A few pop musicians included Sinclair programs on their records. The Buzzcocks front man, Pete Shelley, put a Spectrum program including lyrics and other information as the last track on his XL-1 album. The punk band Inner City Unit put a Spectrum database of band information on their 1984 release, 'New Anatomy'. Also in 1984, the Thompson Twins released a game on vinyl. The Freshies had a brief flirtation with fame and Spectrum games, with Frank Sidebottom making an early appearance in The Biz. (Previously, Freshies frontman Chris Sievey's song Camouflage contained a ZX81 music video as a B-side.) Aphex Twin included various loading noises on his Richard D. James album in 1996, most notably part of the loading screen from Sabre Wulf on Carn Marth. Shakin' Stevens included his Shaky Game at the end of his The Bop Won't Stop album. The aim of the game was to guide your character around a maze, while avoiding bats. Upon completion your score would be given in terms of a rank of disc, e.g. "gold" or "platinum". The game had a minor connection with one of his tracks, It's Late. Scottish band Urusei Yatsura included a Spectrum program that showed a satanic message in the beginning of the song Thank You (from the album Everybody Loves Urusei Yatsura).

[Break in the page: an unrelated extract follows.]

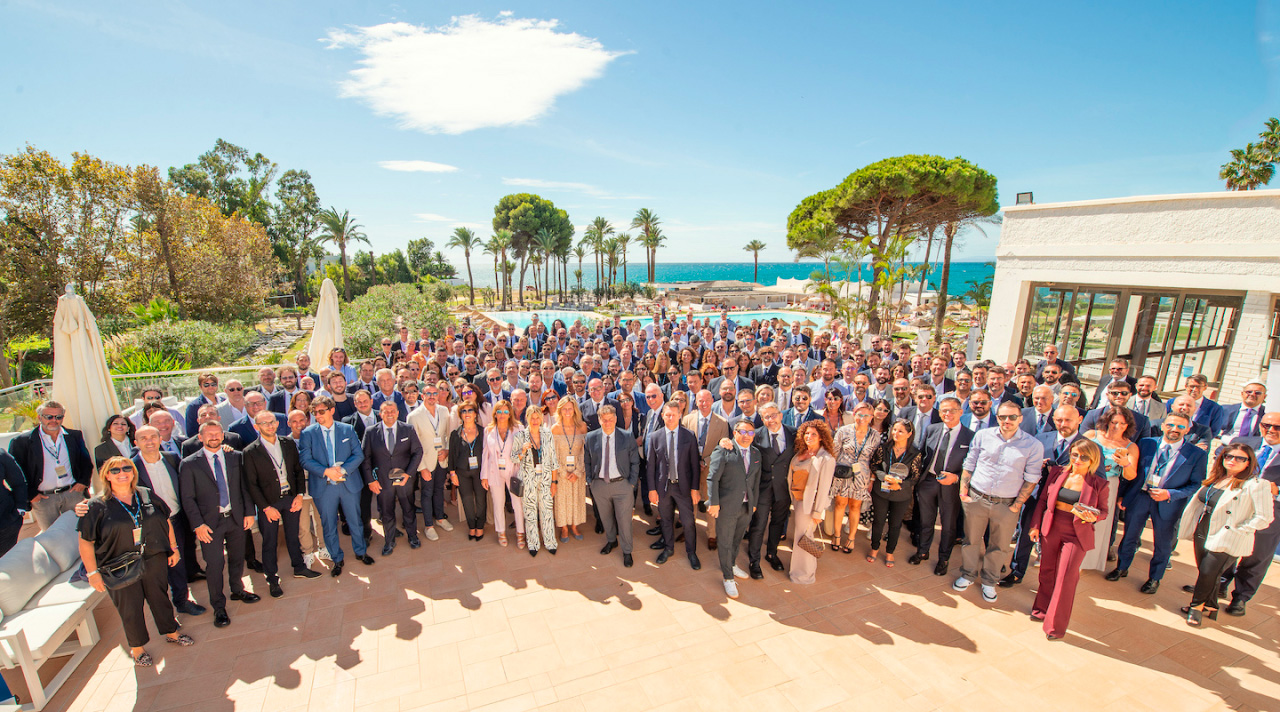 team vitanuova.dfOioEE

Other notable inclusions include the eighth studio album by the Stranglers, Aural Sculpture. Track 7 of side B on the cassette release includes a game called Aural Quest. This was developed by the band's keyboard player, Dave Greenfield, using the Quill Adventure System. It is notable for having two distinct versions, included on different masters of the album. In 2017, Radiohead released a special edition of their OK, Computer album, called OKNOTOK. The included cassette tape features a ZX Spectrum program that generates random text and colours, while playing tones akin to a track included on the cassette.

There was also a music program for the Spectrum 48K which allowed to play two notes at a time, by rapidly switching between the waveforms of the two separate notes, a big improvement over the mono Spectrum sound. The program was branded after the popular '80s pop band Wham!, and some of the biggest hits of this group could be played with the Spectrum. The program was called Wham! The Music Box and released by Melbourne House, one of the most prolific publishing houses at the time.